Ab-SO-Lutely! I can’t even begin to explain,” Stassi enthuses. “I would just start being bitchy. It would drive me nuts because I would be like you guys are just getting free rides – you don’t have to do anything, you just sit back and be boring, and rely on the fact that I’ll be like…” 

On leaving the show over the fake drama, Stassi says it was hard. “I still get stressed out about that fact, like, ‘Did I make the wrong decision – I’m turning down all this money,” acknowledges Stassi. “I doubt myself sometimes, and then I think about it and I’m like, ‘What the f–k else are they gonna do?! It’s all the same shit – like who’s gonna be cheating on each other this time. You can’t keep going like that! Whatever they do, I’m sure it’ll be salacious and amazing…” Brandi predicts they’ll bring in new cast members, “because everyone’s slept with everyone.”

Now that she’s done with reality TV, Stassi says her ultimate goal is to work in fashion, but, “Do I like being dramatic and filming a reality show? Absolutely.” She wishes Bravo had a fashion show similar to ‘Fashion Police.’ – Hint, hint! 

They switch to Vail Bloom, who is not returning to the show. “I knew Vail – like back in the day – she dated a friend of mine,” reminisces Brandi. “She was a legit actress and won an Emmy. I was like ‘What the f–k are you doing on Vanderpump Rules!?’ Her boyfriend at the time – I was dating his friend – he had like a private jet, we were fancy… ” Brandi is disappointed Vail stooped to reality TV and is glad she quit and moved on to Chris Pine. Stassi thinks the relationship is a PR stunt, but Brandi believes it’s real because she doesn’t understand how Chris would benefit from dating Vail. “Most actors that I know they don’t like or respect anything to do with reality television.” 

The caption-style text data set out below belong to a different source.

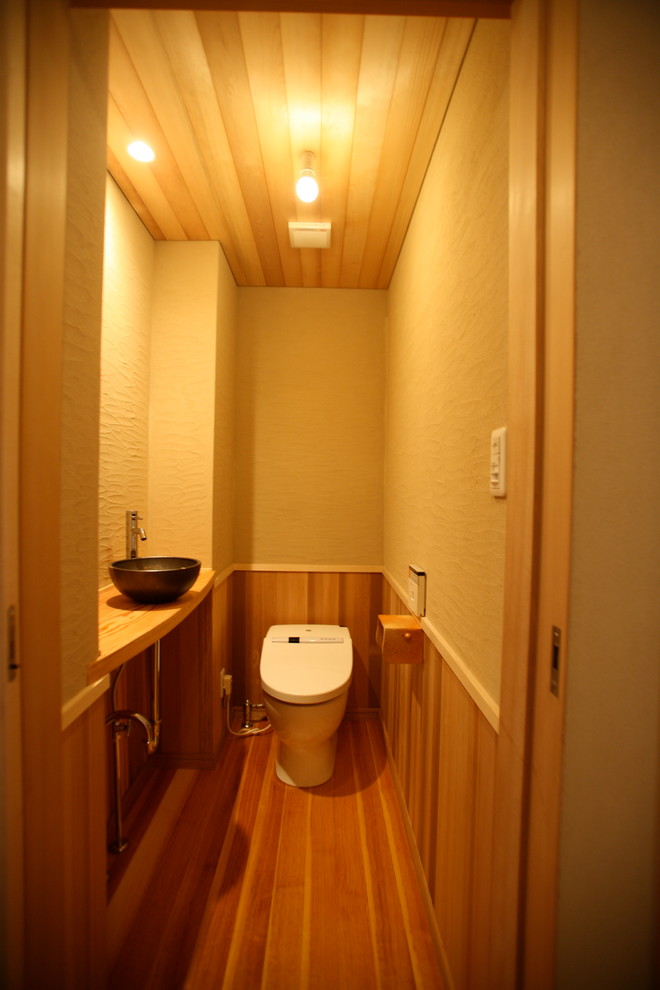 На фото: туалет среднего размера в восточном стиле с бежевыми стенами, светлым паркетным полом, накладной раковиной и бежевым полом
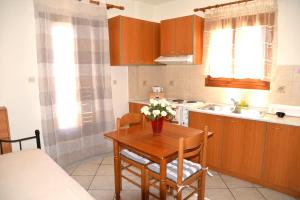 Kuchyňa alebo kuchynka v ubytovaní Ifigenia Apartments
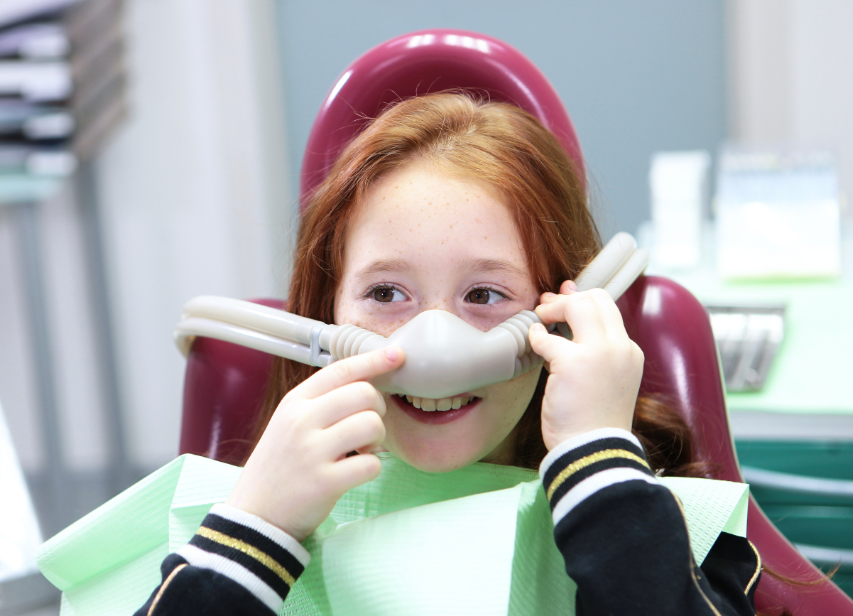 Little girl with dental sedation mask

“I’m under the impression that Vail and Chris Pine have known each other for a long time,” says Stassi. “I know three girls at SUR who have dated Chris Pine. Chris Pine’s always been part of the chatter at SUR since five-years-ago when I started working there.” So how did Stassi end up with Jax?! Should have set her sights a little higher… well, maybe being higher was actually the problem, so never mind!

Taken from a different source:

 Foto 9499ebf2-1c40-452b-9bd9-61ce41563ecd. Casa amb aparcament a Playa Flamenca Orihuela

Interestingly Brandi calls Stassi out on giving her rules for what can and cannot be discussed on the show. “You’re the only one who’s ever done that.” Stassi pauses for a long time and then says, “Jax. I won’t talk about Jax. Because I’ve been so used to my public image being linked to Jax and I am just trying to do everything to get away. I am being straight-up by not talking about him, because he’s not in my life. There’s nothing for me to say.” Brandi says she never planned to ask about Jax. 

They close talking about hair and Brandi reveals she does her own hair color(!!!!!!!) because she can’t find someone who doesn’t charge her $400 for color.